Setting up SoftiWARP in Debian 6.0 from scratch

This is second part of the series about RDMA. In the first part I talked about RDMA history, evolution and the current status.

As I mentioned in the last post (link), iWARP is RDMA on top of IP based networks, which can use Ethernet as L2 layer technology but not necessarily limited to it. SoftiWARP is a pure software based implementation of iWARP protocol. In next section I will give a quick overview of technical details of iWARP protocol and describe how it is implemented in SoftiWARP.

Technical Details:  The key advantages offered by RDMA are: zero copy networking and removal of the OS/application from fast data path. RDMA achieves it by pinning the user buffer pages involved, and marking all the network segments with buffer identifier and offset knowledge. Hence each received packet can be placed independently and immediately by identifying its position in the user buffer. However in order for NIC to do it, it must first process IP, TCP and RDMA headers. Traditional Ethernet NICs can only process Ethernet headers and have no idea about higher layer protocols such as IP and TCP. TCP socket based network communication is de-facto standard for data exchange on the Internet. Processing TCP headers (aka stateful offload) in hardware is a risky business( See Mogul'03 HotOS)  and have met with fierce opposition from the community. That is why there is no out of the box compatible support for RDMA in Linux and requires some patching or knowledge on part of the users. For example port space collision between in-kernel TCP stack and offloaded stack in the NIC is still an unresolved issue. RDMA capable NICs (which can process IP, TCP and RDMA headers in hardware) care called RDMA NICs or RNICs. Hence an RDMA traffic can not be mixed with normal socket based TCP traffic as it has additional headers and information which enables an RNIC to place the segment directly in the user buffer.

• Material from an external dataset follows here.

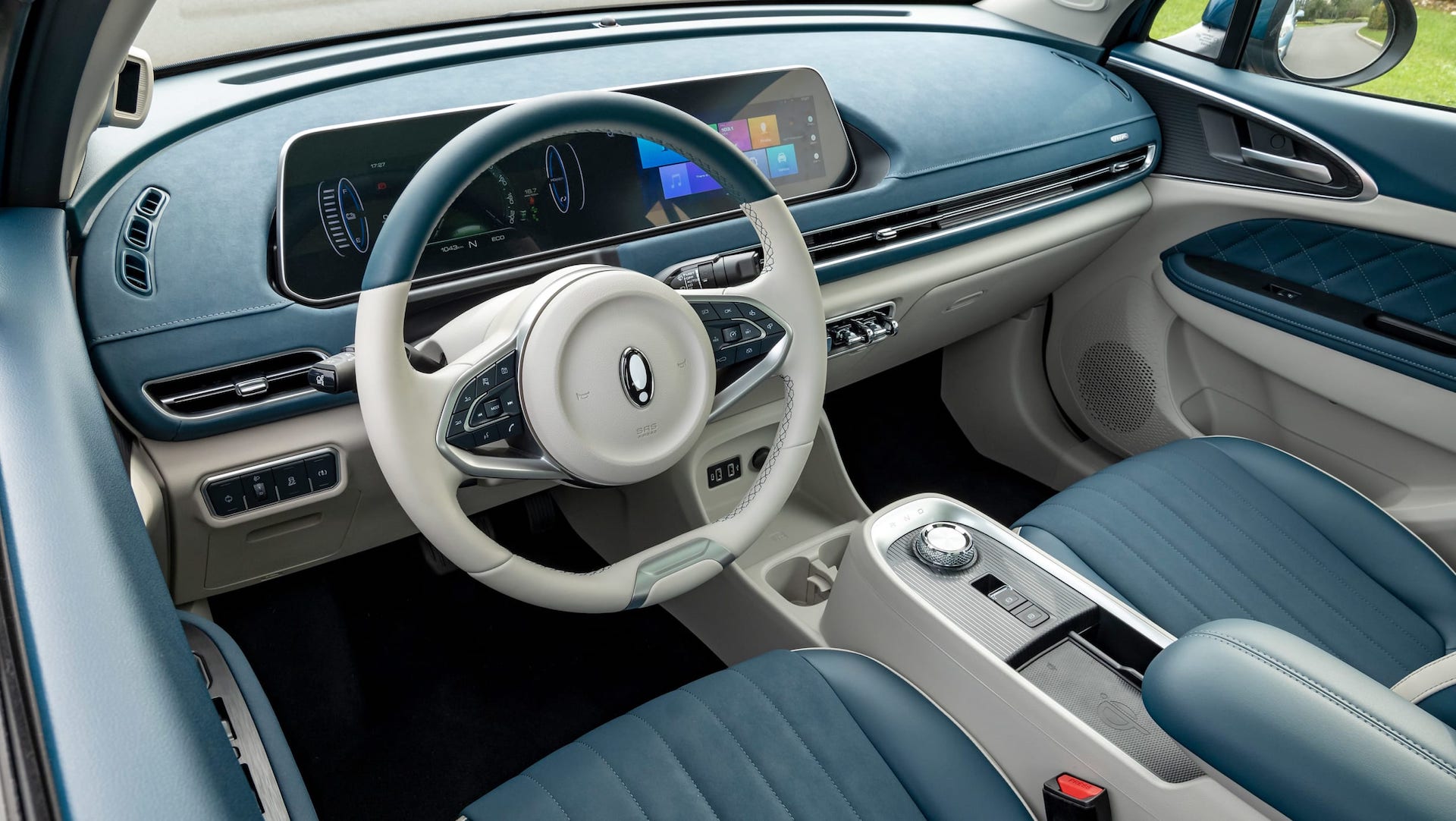 Opinion: The £25k Ora Cat EV Shows China Is Serious About Global Domination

SoftiWARP is a pure software based implementation of iWARP protocol on top of unmodified Linux kernel. It enables an ordinary NIC without RDMA capabilities to handle RDMA traffic in software. It is wire compatible with an RNIC, hence you can use it in a mixed setup. SoftiWARP is just another RDMA provider inside the OFED stack and consist of a kernel driver and a user space library. It uses in-kernel TCP sockets for data transmission. Some more details about its data transmission and receiving paths:

  • Transmission Path: SoftiWARP uses per core kernel threads to perform data transmission on behalf of user processes. When a user process posts a transmission request (post syscall) - if the request is small enough to fit into socket buffer then it is handed over to the TCP socket, otherwise data is pushed to the socket in a non-blocking mode until it hits -EAGAIN. At this point post syscall returns and the QP is put on a wait work queue. Application is now free to do anything else. Each QP also register a write space callback in order to get notification when there is more free space on the socket buffer. Upon receiving the notification for further free space, it schedules the kernel thread to push data on behalf of the user process. Kernel thread pushes the data until it hits -EAGAIN and then moves to the next QP. And this process is repeated until complete user buffer is transmitted. User process is notified asynchronously in the end about the successful data transmission. Depending upon data transmission semantics, send or sendpage (zcopy) can be used. For example, a read response transmission is always zero-copy by using tcp_sendpage. 
  • Receive Path: SoftiWARP receive path is very simple. Each QP registers a socket callback function (sk->sk_data_ready) which is called at the end of netstack processing of tcp (called from at the end of  tcp_rcv_established). In SoftiWARP code this function is siw_qp_llp_data_ready(). This function processes the RDMA header, locates the pinned user buffers, calculates the buffer offset and after checking access permissions copies the data by calling skb_copy_bits().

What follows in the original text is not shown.